TASK STATEMENT - If a line in the entries includes "Fire", show that line.

+-------+

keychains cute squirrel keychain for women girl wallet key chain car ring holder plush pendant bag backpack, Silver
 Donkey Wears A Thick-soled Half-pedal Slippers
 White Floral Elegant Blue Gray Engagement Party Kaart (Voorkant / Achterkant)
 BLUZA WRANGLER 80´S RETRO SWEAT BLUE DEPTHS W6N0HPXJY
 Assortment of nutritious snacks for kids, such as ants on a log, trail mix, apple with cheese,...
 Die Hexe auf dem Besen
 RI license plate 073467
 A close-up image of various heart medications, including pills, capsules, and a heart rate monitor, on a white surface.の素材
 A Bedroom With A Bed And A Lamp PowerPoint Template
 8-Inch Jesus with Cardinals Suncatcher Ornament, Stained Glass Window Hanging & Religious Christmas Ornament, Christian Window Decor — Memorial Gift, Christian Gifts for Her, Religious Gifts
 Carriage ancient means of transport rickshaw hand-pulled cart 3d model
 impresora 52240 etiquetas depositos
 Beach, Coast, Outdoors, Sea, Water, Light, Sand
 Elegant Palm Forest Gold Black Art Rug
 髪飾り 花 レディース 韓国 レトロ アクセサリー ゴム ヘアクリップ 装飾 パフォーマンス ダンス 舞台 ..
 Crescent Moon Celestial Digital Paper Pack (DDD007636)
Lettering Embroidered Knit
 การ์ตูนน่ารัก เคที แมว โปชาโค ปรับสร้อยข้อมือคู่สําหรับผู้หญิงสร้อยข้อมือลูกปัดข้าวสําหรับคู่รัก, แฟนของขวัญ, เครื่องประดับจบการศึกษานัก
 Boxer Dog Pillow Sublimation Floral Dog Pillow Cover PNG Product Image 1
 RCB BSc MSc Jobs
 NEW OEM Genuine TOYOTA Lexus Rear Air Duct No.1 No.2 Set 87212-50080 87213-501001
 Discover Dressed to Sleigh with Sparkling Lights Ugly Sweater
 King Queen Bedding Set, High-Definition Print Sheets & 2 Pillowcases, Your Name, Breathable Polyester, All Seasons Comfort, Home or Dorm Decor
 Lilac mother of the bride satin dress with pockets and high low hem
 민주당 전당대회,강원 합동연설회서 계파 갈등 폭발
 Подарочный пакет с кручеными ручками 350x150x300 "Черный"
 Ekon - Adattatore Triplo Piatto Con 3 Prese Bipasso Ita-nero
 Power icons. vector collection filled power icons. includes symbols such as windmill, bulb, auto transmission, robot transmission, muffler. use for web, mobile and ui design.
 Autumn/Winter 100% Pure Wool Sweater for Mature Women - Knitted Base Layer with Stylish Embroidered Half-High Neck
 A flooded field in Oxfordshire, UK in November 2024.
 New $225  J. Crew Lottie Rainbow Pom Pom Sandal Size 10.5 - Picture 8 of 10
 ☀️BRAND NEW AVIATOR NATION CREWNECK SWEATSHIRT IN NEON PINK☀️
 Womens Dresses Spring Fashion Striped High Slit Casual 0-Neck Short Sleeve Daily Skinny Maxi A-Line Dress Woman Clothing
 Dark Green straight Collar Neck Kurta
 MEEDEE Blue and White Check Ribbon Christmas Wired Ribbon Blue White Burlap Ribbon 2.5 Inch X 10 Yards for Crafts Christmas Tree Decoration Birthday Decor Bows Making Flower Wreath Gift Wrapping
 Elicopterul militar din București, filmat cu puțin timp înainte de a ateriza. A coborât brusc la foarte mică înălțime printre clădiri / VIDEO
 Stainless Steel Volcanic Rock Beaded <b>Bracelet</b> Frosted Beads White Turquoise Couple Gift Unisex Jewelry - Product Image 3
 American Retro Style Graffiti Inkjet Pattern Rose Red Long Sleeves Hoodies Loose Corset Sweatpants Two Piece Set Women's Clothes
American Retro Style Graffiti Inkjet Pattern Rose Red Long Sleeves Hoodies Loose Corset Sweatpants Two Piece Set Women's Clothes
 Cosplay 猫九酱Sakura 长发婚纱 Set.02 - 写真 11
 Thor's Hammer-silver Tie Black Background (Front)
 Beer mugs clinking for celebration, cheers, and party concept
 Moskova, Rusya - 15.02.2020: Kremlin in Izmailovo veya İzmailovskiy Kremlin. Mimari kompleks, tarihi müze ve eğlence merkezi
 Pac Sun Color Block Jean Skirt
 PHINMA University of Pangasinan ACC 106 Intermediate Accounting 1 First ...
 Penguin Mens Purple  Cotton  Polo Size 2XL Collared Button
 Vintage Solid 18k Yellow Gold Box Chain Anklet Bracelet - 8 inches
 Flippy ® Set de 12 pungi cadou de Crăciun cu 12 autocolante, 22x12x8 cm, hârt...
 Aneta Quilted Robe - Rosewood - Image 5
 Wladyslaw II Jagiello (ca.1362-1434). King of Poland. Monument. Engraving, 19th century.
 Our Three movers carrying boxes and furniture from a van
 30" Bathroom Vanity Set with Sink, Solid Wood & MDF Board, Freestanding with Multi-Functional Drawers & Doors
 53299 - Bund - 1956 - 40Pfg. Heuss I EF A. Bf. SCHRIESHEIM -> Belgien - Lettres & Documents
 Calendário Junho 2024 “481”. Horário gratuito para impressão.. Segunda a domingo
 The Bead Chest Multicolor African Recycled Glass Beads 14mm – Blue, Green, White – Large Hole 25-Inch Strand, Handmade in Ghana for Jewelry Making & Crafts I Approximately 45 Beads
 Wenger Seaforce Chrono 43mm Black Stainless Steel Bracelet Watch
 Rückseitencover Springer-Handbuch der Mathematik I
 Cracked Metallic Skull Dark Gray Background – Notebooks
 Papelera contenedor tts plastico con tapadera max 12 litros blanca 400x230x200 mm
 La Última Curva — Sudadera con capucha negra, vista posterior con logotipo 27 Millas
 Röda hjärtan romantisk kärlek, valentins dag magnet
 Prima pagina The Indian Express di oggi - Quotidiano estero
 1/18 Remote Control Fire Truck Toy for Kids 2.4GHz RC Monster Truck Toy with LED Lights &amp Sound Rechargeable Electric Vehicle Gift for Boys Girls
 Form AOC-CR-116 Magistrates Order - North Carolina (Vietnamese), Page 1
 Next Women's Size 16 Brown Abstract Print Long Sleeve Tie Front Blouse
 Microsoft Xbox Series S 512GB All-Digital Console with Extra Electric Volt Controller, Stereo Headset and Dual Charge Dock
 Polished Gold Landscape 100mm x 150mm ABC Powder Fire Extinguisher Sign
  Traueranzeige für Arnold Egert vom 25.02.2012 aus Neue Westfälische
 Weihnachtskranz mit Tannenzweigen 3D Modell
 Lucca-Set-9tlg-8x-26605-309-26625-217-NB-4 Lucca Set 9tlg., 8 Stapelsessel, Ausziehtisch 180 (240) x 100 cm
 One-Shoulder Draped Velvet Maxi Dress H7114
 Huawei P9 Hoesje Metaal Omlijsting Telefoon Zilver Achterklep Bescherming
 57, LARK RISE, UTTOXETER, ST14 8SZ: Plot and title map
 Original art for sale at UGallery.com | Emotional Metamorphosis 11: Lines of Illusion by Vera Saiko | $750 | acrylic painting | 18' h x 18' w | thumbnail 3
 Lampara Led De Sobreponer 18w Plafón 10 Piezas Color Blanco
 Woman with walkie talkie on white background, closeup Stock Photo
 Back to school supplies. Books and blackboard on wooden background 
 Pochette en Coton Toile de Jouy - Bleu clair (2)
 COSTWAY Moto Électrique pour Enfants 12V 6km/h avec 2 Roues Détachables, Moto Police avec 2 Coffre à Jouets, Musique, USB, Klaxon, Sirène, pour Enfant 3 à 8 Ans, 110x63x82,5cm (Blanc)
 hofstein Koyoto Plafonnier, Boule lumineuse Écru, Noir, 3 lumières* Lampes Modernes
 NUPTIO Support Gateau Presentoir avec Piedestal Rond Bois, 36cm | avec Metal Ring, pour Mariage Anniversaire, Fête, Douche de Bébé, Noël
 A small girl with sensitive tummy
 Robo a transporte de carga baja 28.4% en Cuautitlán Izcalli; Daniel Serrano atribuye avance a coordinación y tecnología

+-------+

ANSWER TO THIS PROBLEM -
 1/18 Remote Control Fire Truck Toy for Kids 2.4GHz RC Monster Truck Toy with LED Lights &amp Sound Rechargeable Electric Vehicle Gift for Boys Girls
 Polished Gold Landscape 100mm x 150mm ABC Powder Fire Extinguisher Sign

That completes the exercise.